Sunday, December 13, 2009

A Yank reflects on the differences between Our Republic and the British Parlimental form of government....

Don't blame Obama:
The US political system is broken

America's founders were keen to create a system that moved slowly.
Yet now we have a system that barely moves at all.

Michael Tomasky http://www.guardian.co.uk/,

A recent political development in your country has me reflecting again on my country's political situation and wondering what on earth we Americans are going to do about a system that is irrefutably and almost irredeemably stuck in a state of paralysis.

I read about Alistair Darling's proposal for a bank bonus tax with great interest. I'm no expert on British politics, but from what I've read over the past week I've gathered that the City is upset and that the pre-budget report as a whole hasn't done especially well. And yet Guardian colleagues assure me there is no question the House of Commons will pass the budget. It's a party discipline vote, and Labour has the majority. End of story. That the Tories have signalled support is just icing on the cake.

Sigh. If you've been watching the Washington healthcare debate, you know what that sigh was about. We Americans have always been proud of our constitution and the principle of separation of powers. The system has always ensured that the minority party has certain rights and that the executive branch cannot just muscle through Congress any old thing that it wants. Our founders wanted a system that moved slowly.

Do they ever have it. In fact, we now have a system that barely moves at all. Watching American politics through British eyes, you must be utterly mystified as to why Barack Obama hasn't gotten this healthcare bill passed yet. Many Americans are too. The instinctive reflex is to blame Obama. He must be doing something wrong. Maybe he is doing a thing or two wrong. But the main thing is that America's political system is broken.

How did this happen? Two main factors made it so. The first is the super-majority requirement to end debate in the Senate. The second is the near-unanimous obstinacy of the Republican opposition. They have made important legislative work all but impossible.

The super-majority requirement – 60 votes, or three-fifths of the Senate, to end debate and move to a vote on final passage – has been around since the 19th century. But it's only in the last 10 to 15 years that it has been invoked routinely. Back in Lyndon Johnson's day – a meaningful comparison since American liberals are always wondering why Obama can't be "tough" like Johnson – the requirement was reserved for only the most hot-button issues (usually having to do with race). Everything else needed only 51 votes to pass, a regular majority.

Both parties have contributed to this problem. But guess which has contributed more? In 2007, when they became the minority party for the first time in five years, the Republicans invoked the super-majority measure 60 times, an all-time record for a single year.

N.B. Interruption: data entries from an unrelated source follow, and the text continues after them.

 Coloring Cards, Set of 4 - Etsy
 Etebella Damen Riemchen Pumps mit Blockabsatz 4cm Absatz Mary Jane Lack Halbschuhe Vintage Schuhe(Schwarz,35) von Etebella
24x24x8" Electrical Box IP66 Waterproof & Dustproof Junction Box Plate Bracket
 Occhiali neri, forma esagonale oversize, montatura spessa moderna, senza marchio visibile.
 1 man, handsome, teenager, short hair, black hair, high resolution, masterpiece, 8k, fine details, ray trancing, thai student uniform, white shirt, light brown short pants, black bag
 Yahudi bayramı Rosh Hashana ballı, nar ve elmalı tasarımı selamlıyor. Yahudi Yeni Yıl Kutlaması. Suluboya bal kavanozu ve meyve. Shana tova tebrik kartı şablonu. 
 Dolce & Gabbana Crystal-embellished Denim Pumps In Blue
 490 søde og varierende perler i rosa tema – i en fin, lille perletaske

And Obama's problems are not limited to Republicans, of course. Think of it this way: in a 100-seat body, getting 51 votes is hard but not impossible. But getting those 57th, 58th, 59th and 60th votes to end debate … Well, the situation gives those senators incredible bargaining power. They can basically dictate terms in exchange for their votes. Which is exactly what senators Ben Nelson (Democrat of Nebraska), Joe Lieberman (independent of Connecticut), Olympia Snowe (Republican of Maine) and others have been doing publicly for weeks. A sharp friend has mordantly taken to referring to them as "President Nelson", "President Lieberman" and "President Snowe" in emails. My friend is not exaggerating. With regard to the final content of the Senate bill, each has more power than Obama.

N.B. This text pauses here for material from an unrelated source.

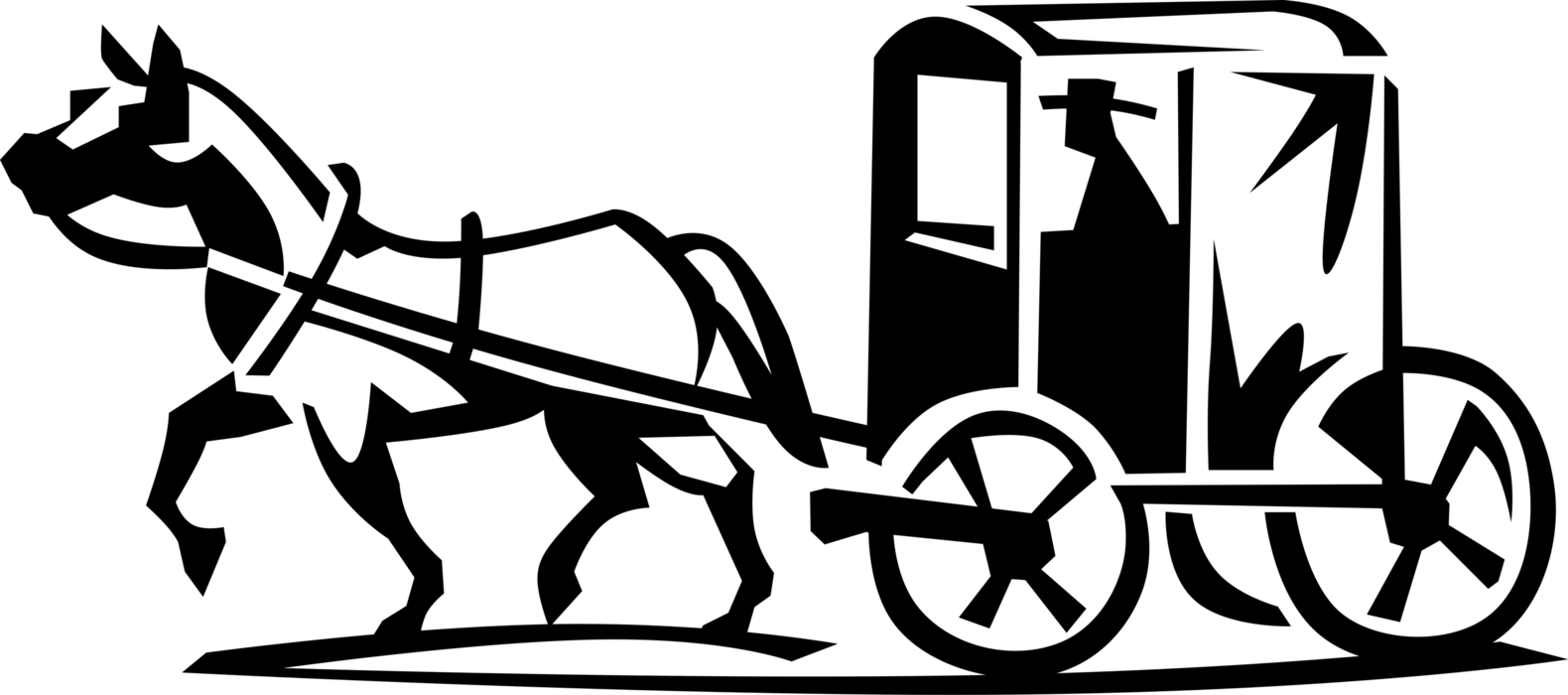Vector Illustration of Amish Pennsylvania Dutch Horse Drawn Carriage Horse and Buggy
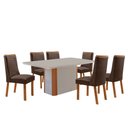 Ver imagem 2 de Mesa de Jantar Isadora 180cm Tampo MDF Vidro Canto Copo com 6 Cadeiras Carolina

Then we have the nature of the GOP opposition. Once upon a time, there were a number of Republican moderates in Congress. Today, out of 217 legislators, the number of genuine moderates is under 10. Maybe even under five.

I do not embellish. Last Friday, the House of Representatives passed a set of financial industry reforms and regulations. It's scarcely a radical package of measures. Speaker Nancy Pelosi had to make several compromises to get enough votes out of moderate Democrats for the thing to pass. So how many Republicans backed it? Yep. Again: zero.

To see David Cameron offer support for the bonus tax is mind-boggling to an American. There is no way a Republican in Congress would ever endorse such a thought. He or she would be destroyed by the conservative agitprop network.

So this is where we are. We now have a distended nightmarish version of what the founders wanted. We've got a Congress that can not only stand up to the executive branch but can (at least on domestic matters) dictate terms to it. And we have a minority that has the power to stop the majority from doing much of anything.

These are the two basic reasons the great progressive dawn of the Obama era has ground to a near halt. And yet even most Americans are dimly aware of all this. It requires a lot of dot connecting. What's needed is a broad public education campaign – and here, Obama should start playing a role – about how broken this system is, bringing a new level of pressure to bear on the legislators who are the problem. But for now, people on the left would rather engage in juvenile carping about how let down they are.

1 comment:

Mrs_H said...

Well, our household is in agreement on this issue for certain! Thanks for this one -- I hadn't seen it before.